The results observed in the post-installation building H may be attributed to the thermal insulation capability of the siding system 1, wherein provision of the ventilation channels allows warm air, which is heated initially in the underfloor space G from a geothermal heat source, followed by further heating via the ceiling or the ceiling space 301a, to circulate throughout the building H, thereby functioning as a thermal insulation layer that isolates the building H from ambient temperature changes to prevent the indoor temperature of the building H from being lowered during winter.

The above-described thermal insulation capability and resultant beneficial effects thereof are incorporated in the siding system 1 according to the present disclosure.
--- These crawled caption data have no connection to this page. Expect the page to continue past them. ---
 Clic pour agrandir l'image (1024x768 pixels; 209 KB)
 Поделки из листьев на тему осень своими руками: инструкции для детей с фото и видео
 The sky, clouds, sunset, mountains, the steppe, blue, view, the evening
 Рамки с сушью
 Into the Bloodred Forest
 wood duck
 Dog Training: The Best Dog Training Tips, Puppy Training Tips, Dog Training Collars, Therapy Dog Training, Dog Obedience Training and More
Specifically, for example, during winter where the temperature at the ceiling or the ceiling space 301a is higher than that of the underfloor space G, the siding system 1 causes air in the underfloor space G, which remains at a relatively constant temperature regardless of outside air, to flow to the ceiling or the ceiling space 301a via the first duct 20. The air from the underfloor space G reaching the ceiling or the ceiling space 301a is then heated to a temperature similar to that of the ceiling or the ceiling space 301a, or the temperature in the partitioning layer or the room 300b depending on a particular configuration. The warm air thus created is forwarded to the room 300a via the louver 311, and then to the room 300b through the opening 320. Although not depicted FIG. 1, the room 300a may be equipped with an air conditioner, for example, for efficient heating of the rooms 300a and 300b with reduced energy consumption, since the incoming air has already been heated to a relatively high temperature upon entering the air conditioner for further heating to a desired temperature.
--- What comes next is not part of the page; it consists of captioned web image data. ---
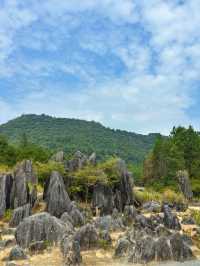 遊山玩水清遠英德一日遊攻略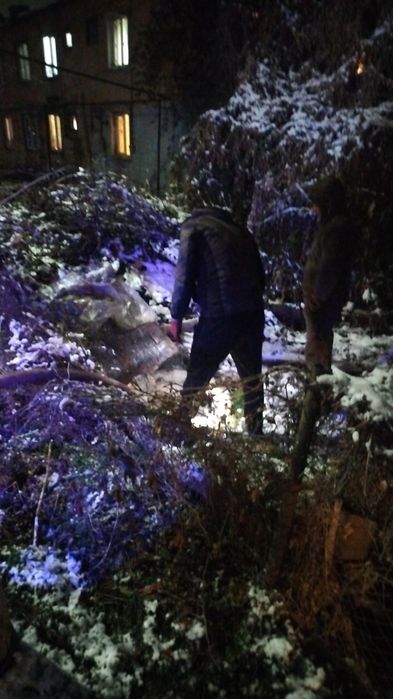 асенизатор откачка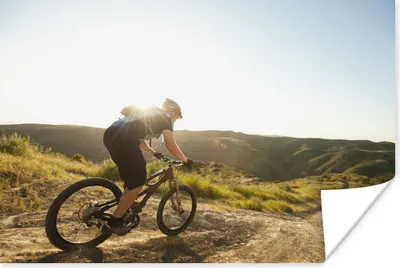 Produktbild von MuchoWow® Poster Mit dem Mountainbike auf dem Feldweg 180x120 cm - Fotoplakat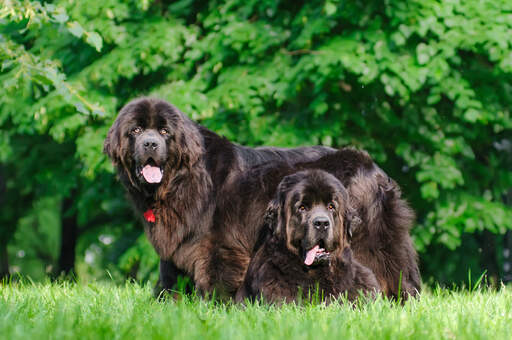 Two wonderful adult newfoundlands, resting in the grass together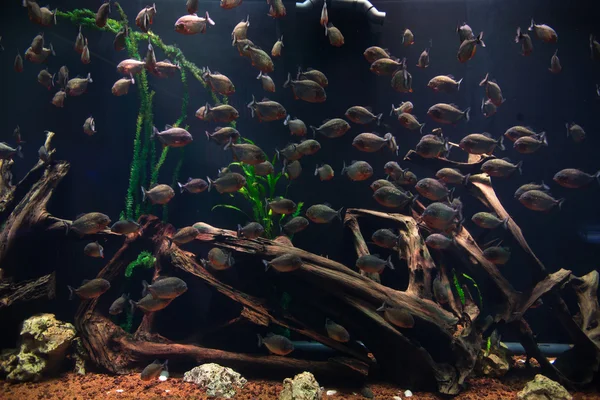 Poissons tropicaux en aquarium — Photo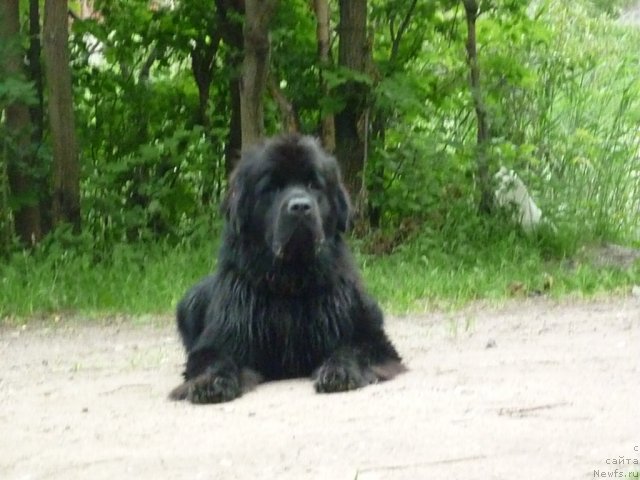 Фотография № 70903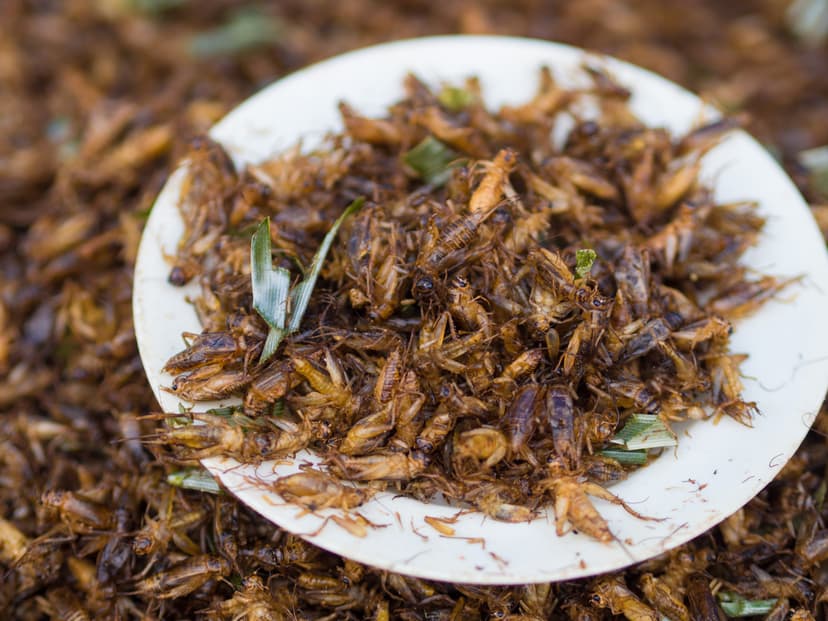 Cricket (insect) - Wikipedia
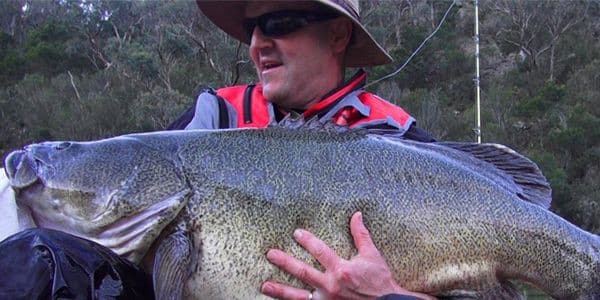 Episode 136: New England Murray Cod With Rob Paxevanous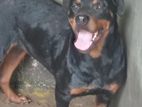 Rottweiler Dog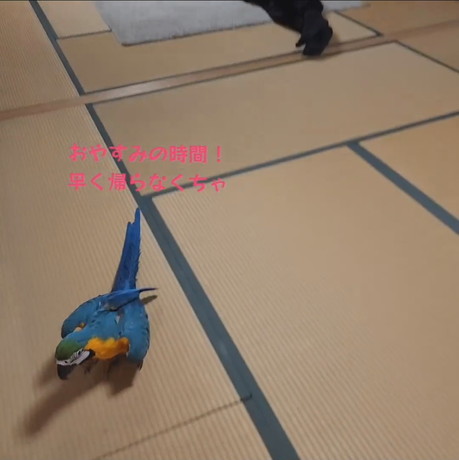 鳥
During summer, by contrast, the siding system 1 causes air in the underfloor space G, which remains at a relatively constant, cold temperature regardless of outside air, to flow to the ceiling or the ceiling space 301a via the first duct 20, thereby preventing temperature from rising at the ceiling or the ceiling space 301a. Meanwhile, air surrounding the ceiling or the ceiling space 301a, which has been cooled by being mixed with the cold air from the underfloor space G, flows into the room 300a via the louver 311, and then to the room 300b through the opening 320. Although not depicted in FIG. 1, the room 300a may be equipped with an air conditioner, for example, for efficient cooling of the rooms 300a and 300b with reduced energy consumption, since the incoming air has already been cooled to a relatively low temperature upon entering the air conditioner for further cooling to a desired temperature.
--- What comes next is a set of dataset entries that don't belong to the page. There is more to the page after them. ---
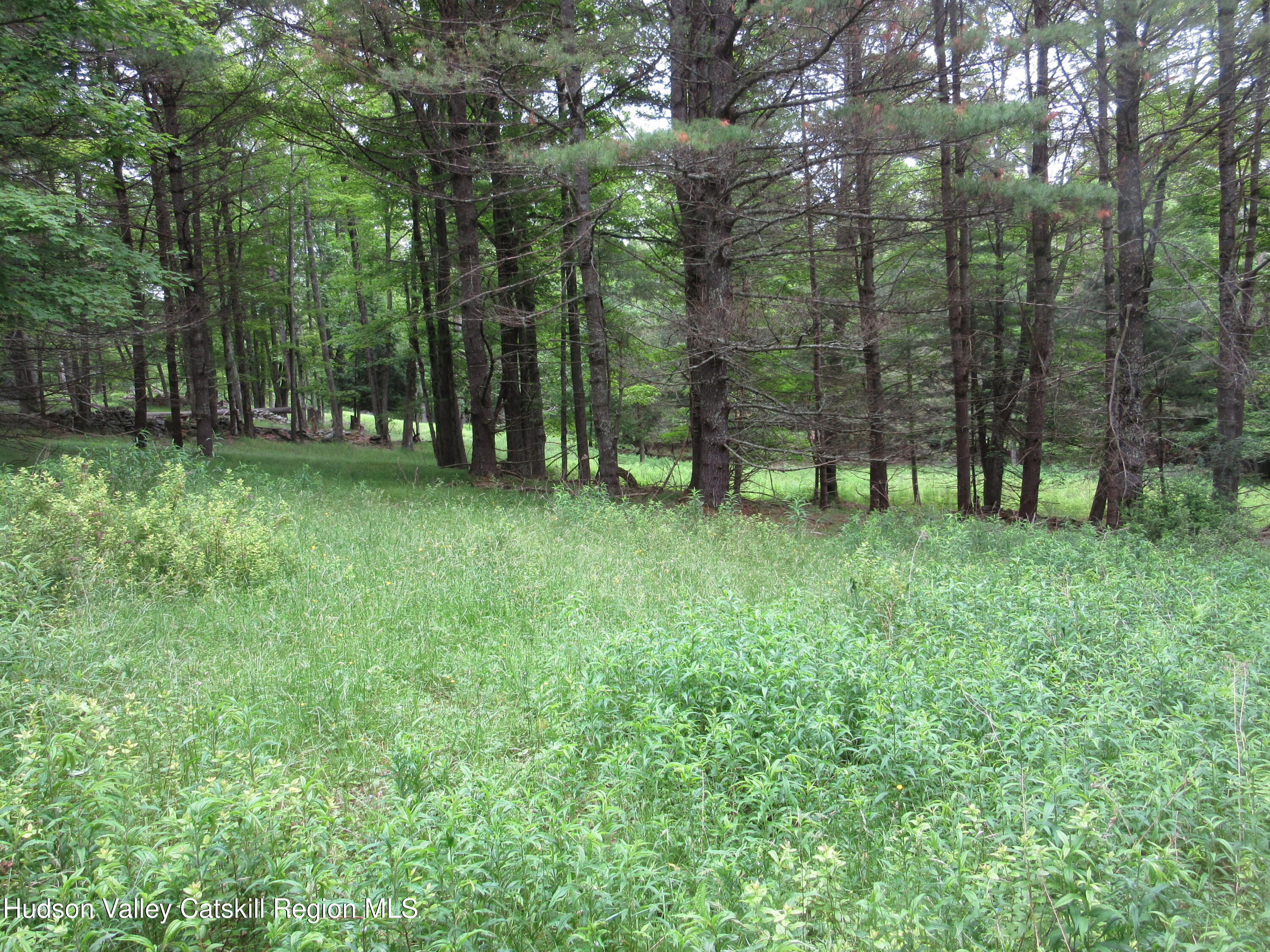 0 Airport Road Jewett, NY 12444 - Photo 10 of 38 IMG_7498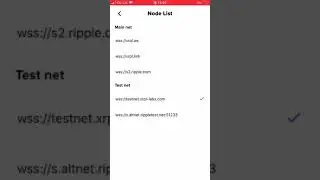 Setup XUMM on the XRPL TestNet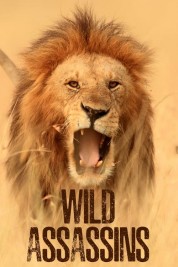 Watch free Wild Assassins HD online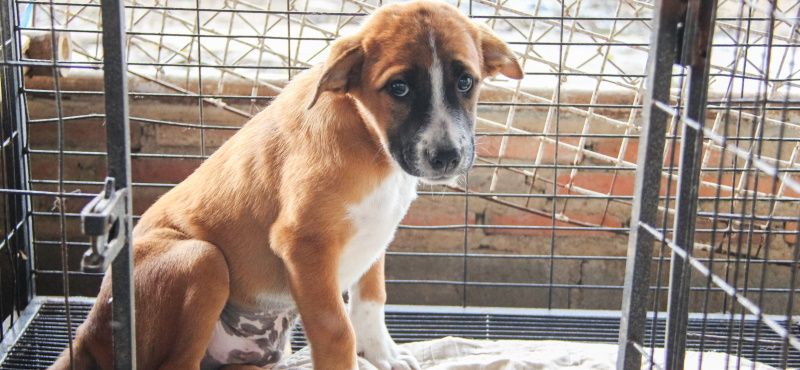 Как взять собаку из приюта: что нужно знать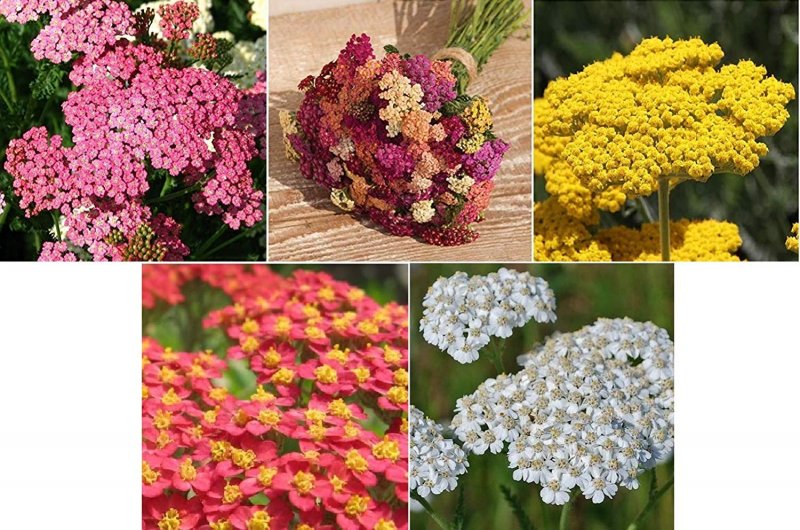 Тысячелистник Achillea paprika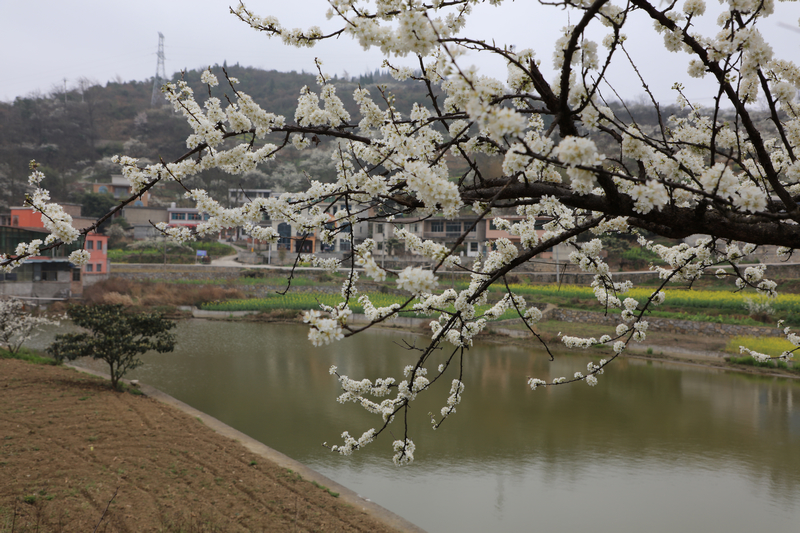 修文縣久長街道興隆村下寨李花。陶群攝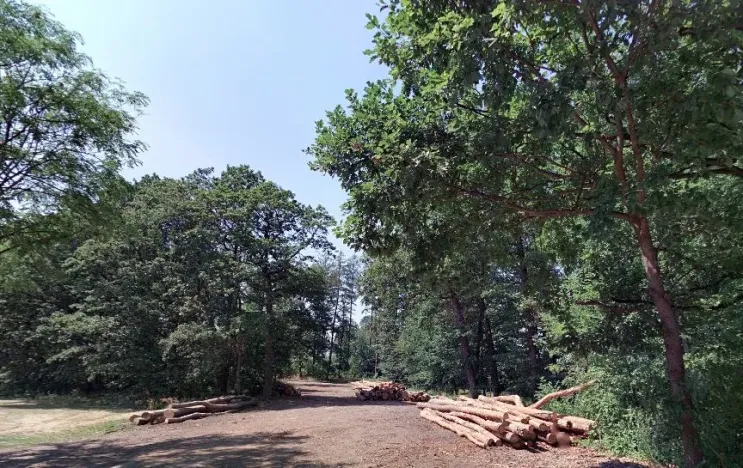 Prodej podílu lesa, Luhačovice, 852931 m2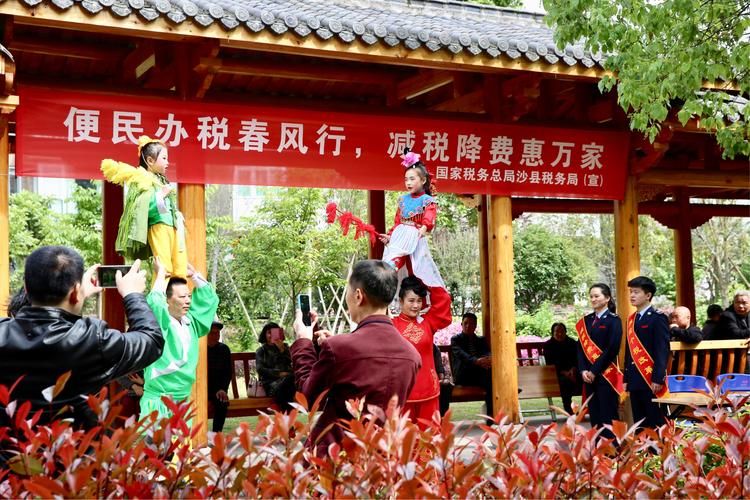 那儿收购山茱萸价格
For applications in cold regions where the temperature at the ceiling or the ceiling space 301a is lower than the temperature in the underfloor space G, air in the underfloor space G, which remains at a relatively constant, warm temperature regardless of outside air, is sent to the ceiling or the ceiling space 301a, and occasionally to further areas such as the room 300a, thereby raising the temperature at the ceiling or the ceiling space 301a and other downstream areas. The heated air may be sent to the room 300a via the louvre 311, and then to the room 300b through the opening 320. Although not depicted in FIG. 1, the room 300a may be equipped with an air conditioner, for example, for efficient heating of the rooms 300a and 300b with reduced energy consumption, since the incoming air has already been heated to a relatively high temperature upon entering the air conditioner for further heating to a desired temperature.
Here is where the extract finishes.